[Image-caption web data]
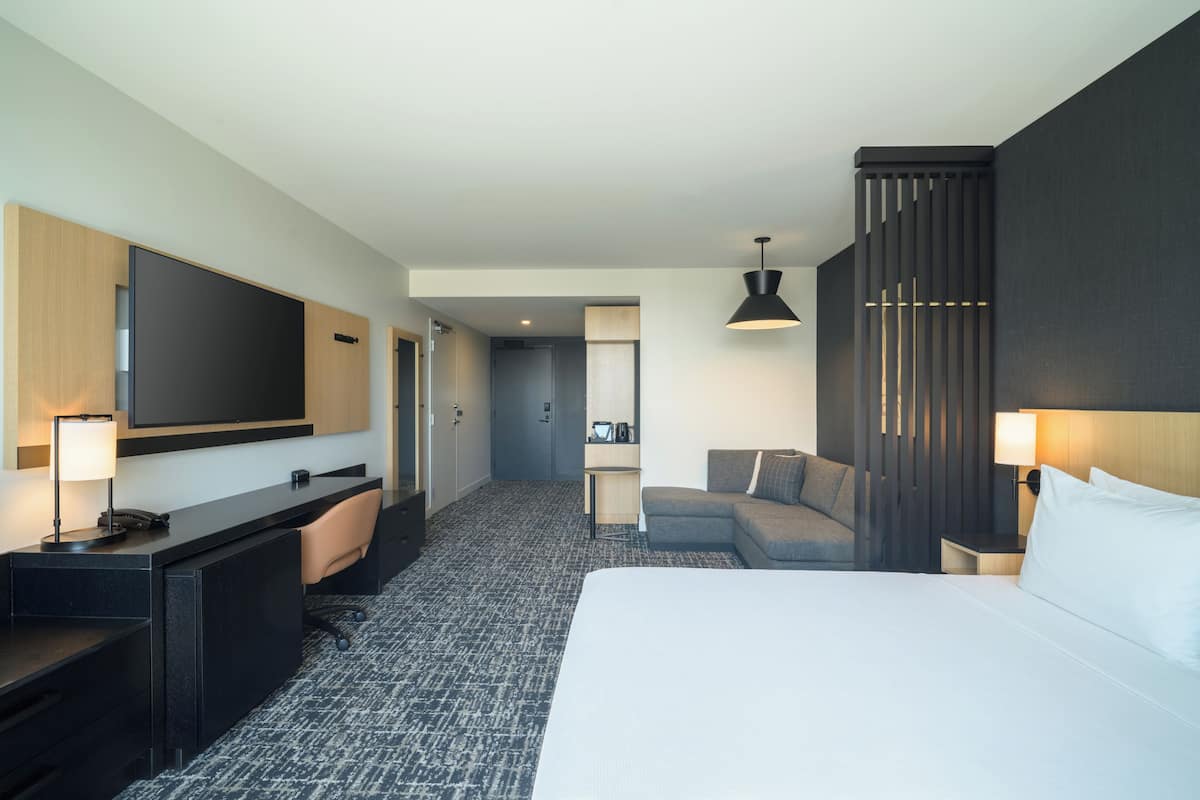 Camera d'albergo con un letto grande, una scrivania con lampada, un divano, una TV a parete e un'area salotto separata con lampada.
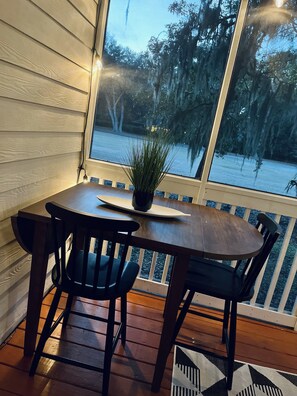 Enjoy a tranquil outdoor space with a round table and four chairs, surrounded by a railing and a beautiful view of the water and trees.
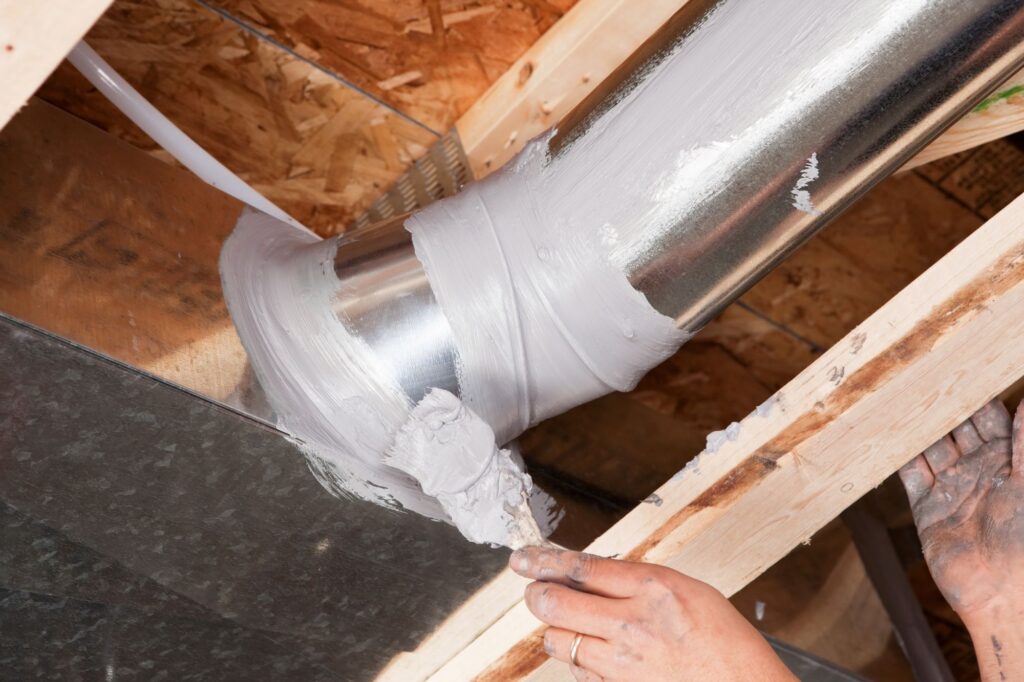 Closeup of residential ductwork sealing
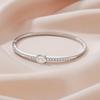 Gold-Plated Diamond-Inlaid Titanium Steel Women's Bracelet: Elegant, Versatile, and Luxurious.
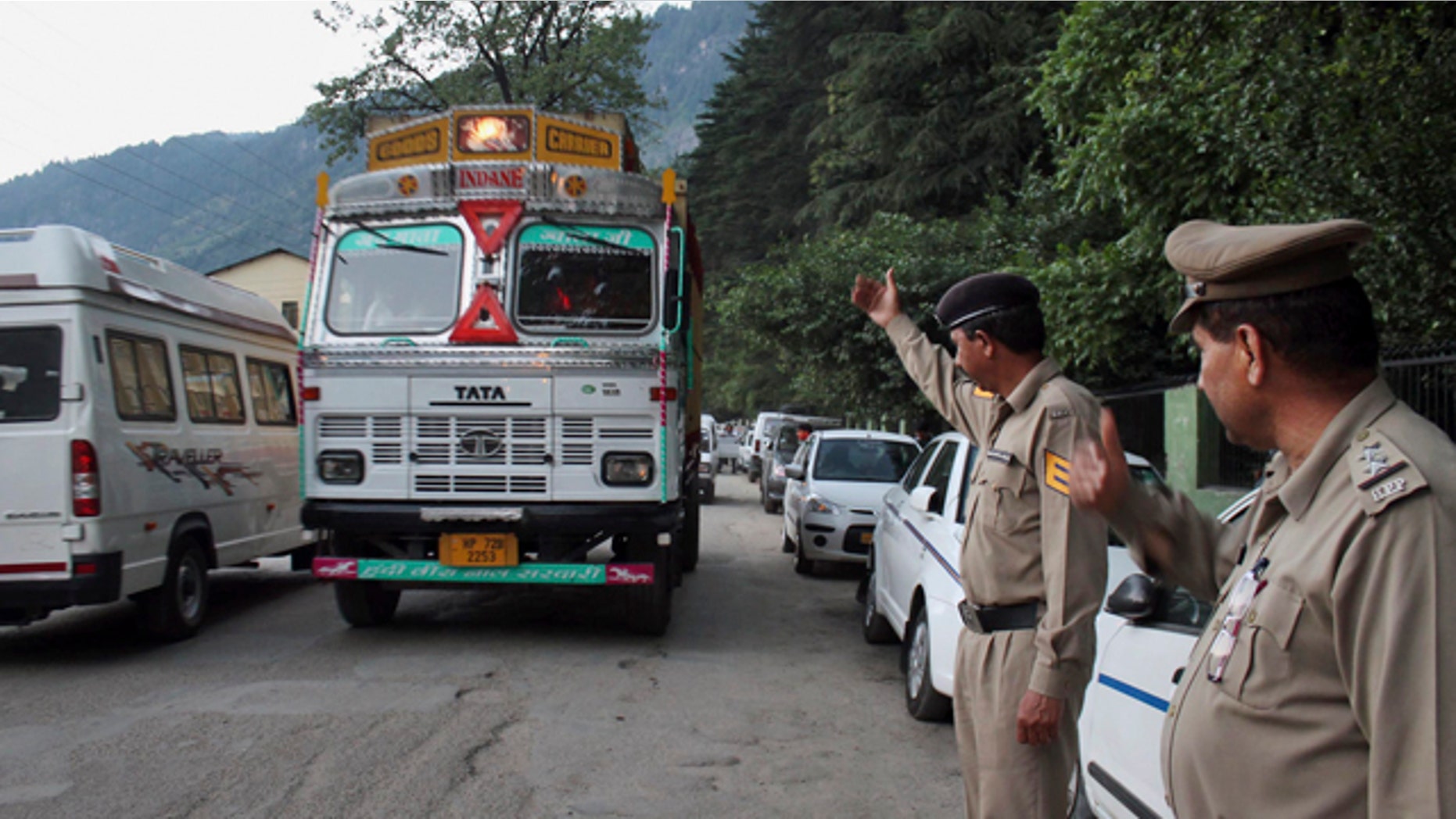 June 4, 2013: Indian policemen keep a check on vehicles after an American woman was gang-raped Tuesday in the northern Indian resort town of Manali, India.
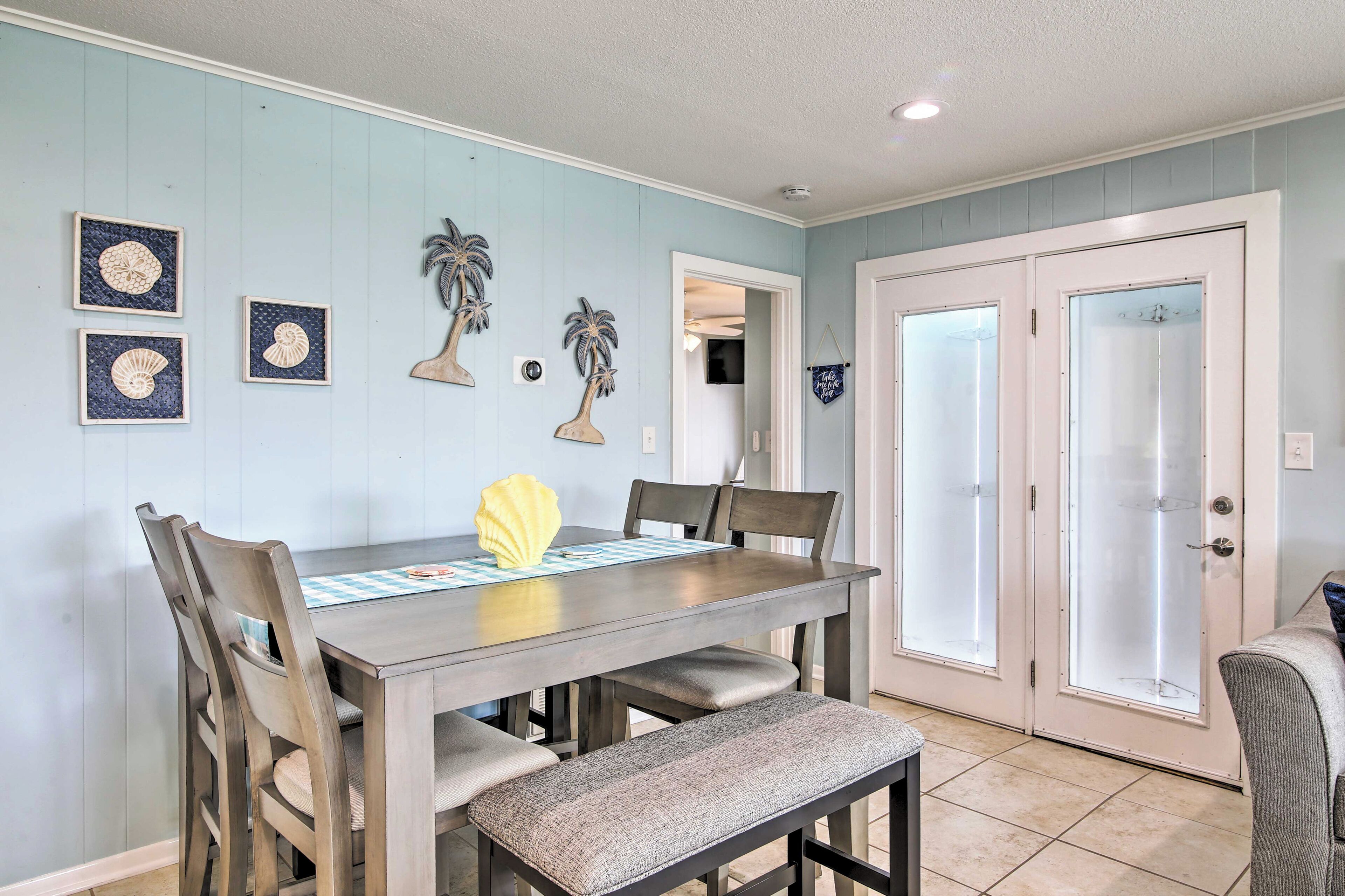 A dining area with a wooden table, chairs, and a bench. There are decorative wall art pieces and a door with frosted glass panels.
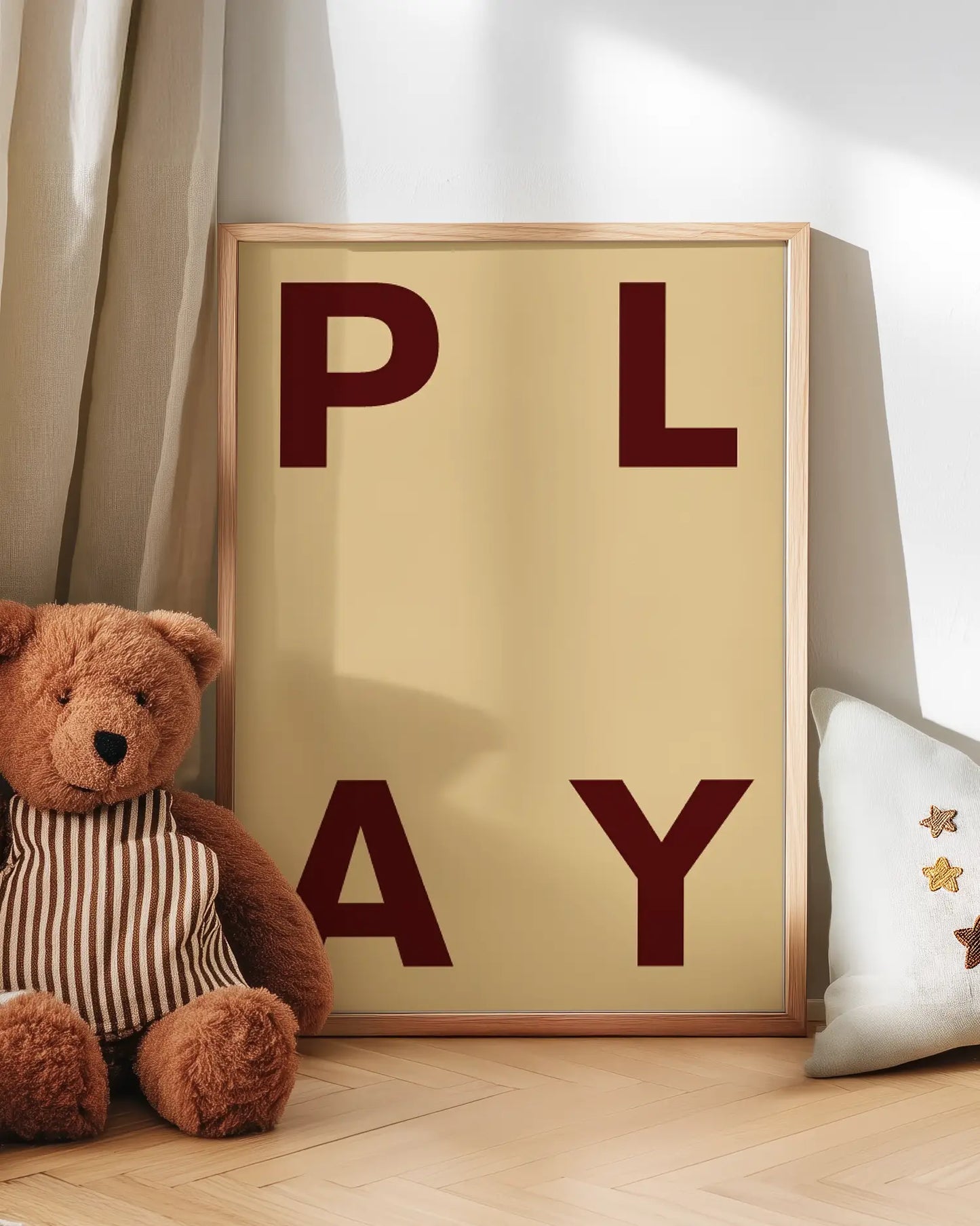Poster with 'PLAY' letters next to a teddy bear on a wooden floor.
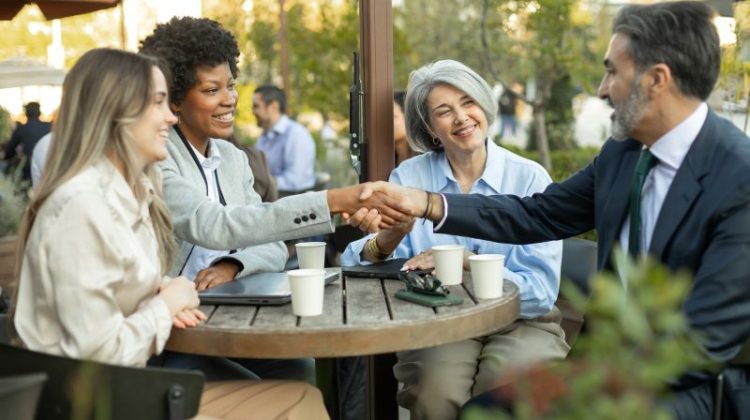 Business people shaking hands during a meeting at outdoor cafe
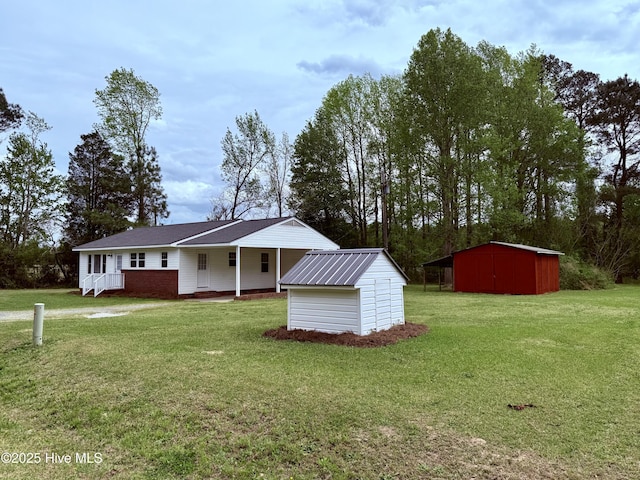 view of front of house with a front yard, a shed, and an outbuilding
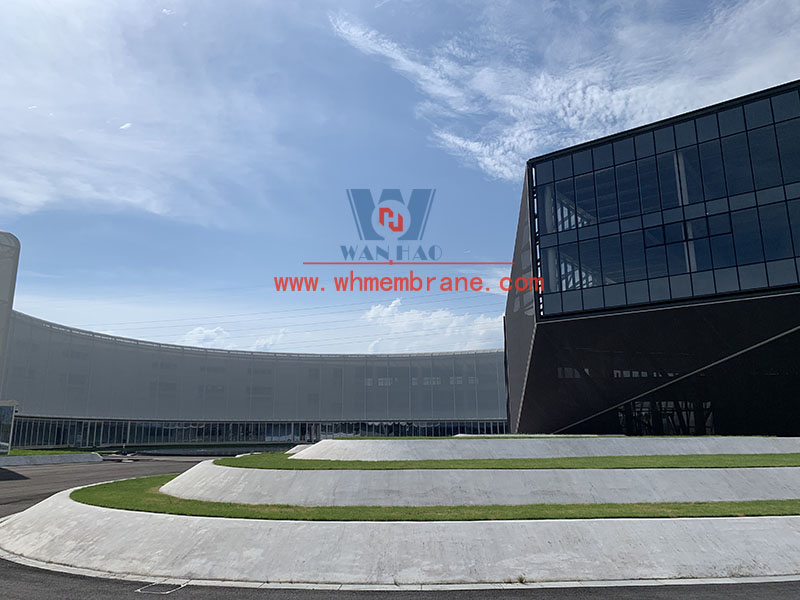 PTFE mesh membrane structure project on the facade of a new factory building PTFE mesh membrane structure project on the facade of a new factory building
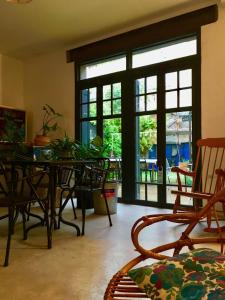 a dining room with a table and chairs and windows at Les Cagettes en Ville in Perpignan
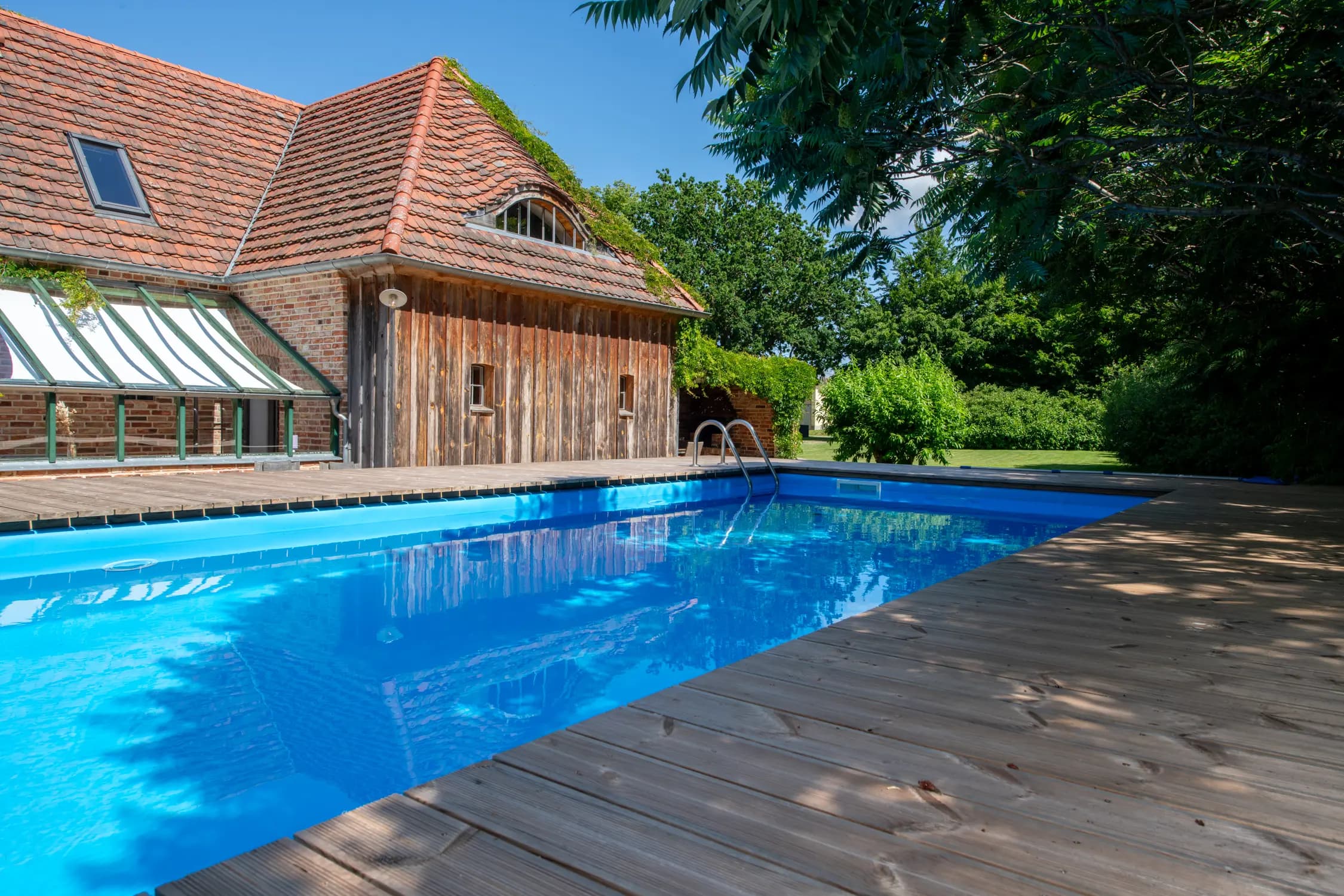 Großer Poolbereich mit Sonnenliegen für entspannte Urlaubstage, Ferienhaus Welzin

**ACTION ITEM**
Ignoring the pictures, write out word for word only the lines from the one containing "view of front" through the last line of the data, both ends included.

**EXERCISE RESPONSE**
 view of front of house with a front yard, a shed, and an outbuilding
 PTFE mesh membrane structure project on the facade of a new factory building PTFE mesh membrane structure project on the facade of a new factory building
 a dining room with a table and chairs and windows at Les Cagettes en Ville in Perpignan
 Großer Poolbereich mit Sonnenliegen für entspannte Urlaubstage, Ferienhaus Welzin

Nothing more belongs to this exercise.